No. Employers will be required to re-enrol eligible jobholders every three years, but can do so for all eligible jobholders on a single day. This day will have to be within one month of the three-year anniversary of their starting date (and each subsequent three-year anniversary).
One important practical exception is that jobholders who have opted out in the 12 months immediately before the re-enrolment date will not have to be re-enrolled in this triennial sweep up.
Question 12 - We pay minimum wage - can we deduct the employee's 4% or do we need to give a pay rise?
You will be able to deduct the employee's contributions from their pay and will not need to give a pay rise to ensure continued compliance with the national minimum wage. Pension contributions are one of the deductions that do not reduce national minimum wage pay for the purposes of determining compliance with the national minimum wage legislation.
Question 13 - We have an employee who earns £60,000. He doesn't think we need to auto-enrol because he earns more than the upper limit. Is this right?
No.
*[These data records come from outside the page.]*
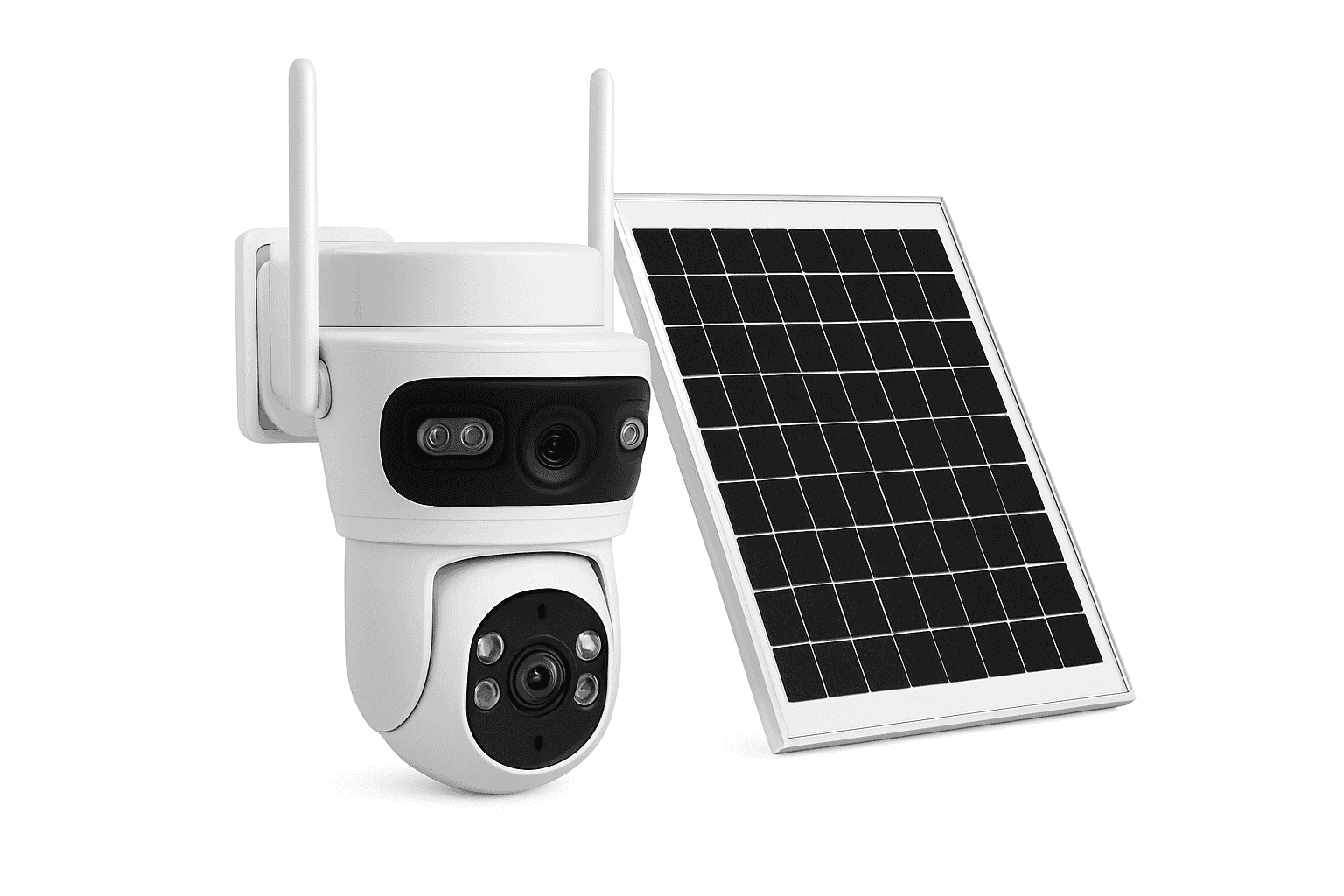 6MP Solar WiFi Security Camera Outdoor Dual Lens PTZ 360° View-Camera add 32G Card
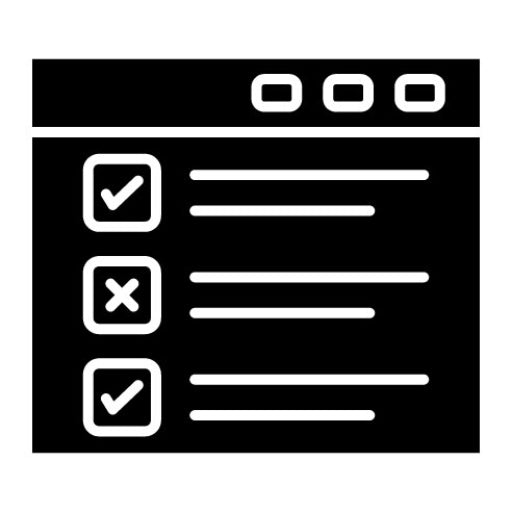 Tasks List Glyph Icon | SEO and SEM
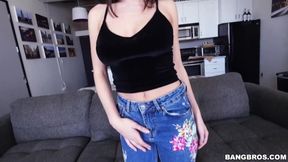 BANGBROS - Gorgeous Brunette Teen Lana Rhoades Working So Hard For The Cum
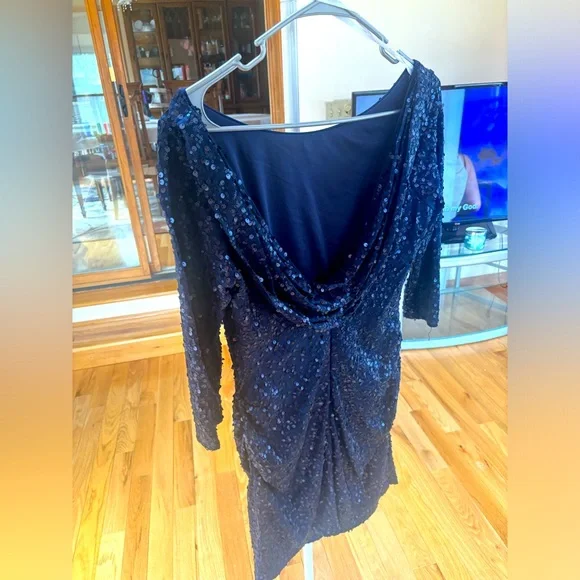 David's Bridal | Dresses | Davids Bridal Sequins Dress | Poshmark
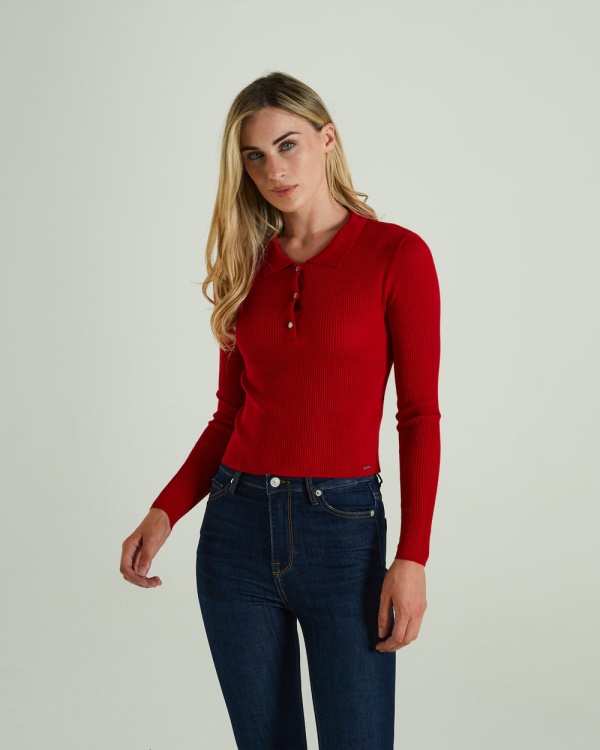 Red Roslyn Knit Tango Red Diesel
The employer's duty applies to all eligible jobholders, including those who earn more than the upper limit for calculating eligible earnings.
The employer is, however, only required to make contributions in respect of eligible earnings between £5,035 and £33,540 (in 2006/7 terms as set out in question 4 above), and so would not need to make contributions in respect of this employee's earnings between £33,540 and £60,000 in order to comply with their employer duties.
Question 14 - What about employees on maternity leave? Do we have to pay contributions for them? And at what rate?
Maternity pay qualifies as 'eligible earnings' under the Pensions Act 2008. The payment of contributions for employees on maternity leave is, however, determined more by existing equality and sex discrimination legislation than the workplace pension reform regulations.
The same rules will apply for the continued payment of contributions to employees on maternity leave as currently applies to such employees in respect of their pension contributions. See our alert on maternity leave and non-cash benefits for more information.
Question 15 - How are we going to have to operate refunds contributions for people who opt-out in time?
Jobholders will have the right to opt-out of active membership of a qualifying workplace pension arrangement. This will be achieved by giving the employer a completed opt-out notice within one month of the later of the jobholder:
- becoming an active member of the scheme
- receiving the enrolment information.
A jobholder who opts out will be treated as never having been an active member. They will be entitled to a full refund from the employer of any contributions they have made and any contributions that have been made on their behalf (i.e. also including any employer contributions that have been made). The only exception to this is any part of the refund that is required to be paid as tax.
Question 16 - We have a number of students who work in our bars. Most are aged between 18 and 21. We don't need to do anything different for these workers, do we?
Yes, you do. The employer must inform jobholders who are younger or older than the age for eligible jobholders of their entitlement to join a qualifying scheme if they wish to do so. If any of these jobholders choose to join, the employer will be required to pay contributions for them at the minimum agreed level under a registered pension scheme (as long as they earn above the minimum level of eligible earnings - see question 17 below). This applies to jobholders aged between 16 and 21 or between state pension age and 75.
Question 17 - We have a group of employees who earn between £3,000 and £4,000 per annum - do we need to do anything in respect of these employees?
Yes. The legislation requires employers to provide jobholders who do not earn above the earnings threshold with certain information and to arrange for them to become a member of a registered pension scheme if they ask to join. Unlike for the younger or older jobholders outlined in question 16 above, the provided scheme doesn't have to be a qualifying scheme and the employer has no obligation to make contributions on their behalf.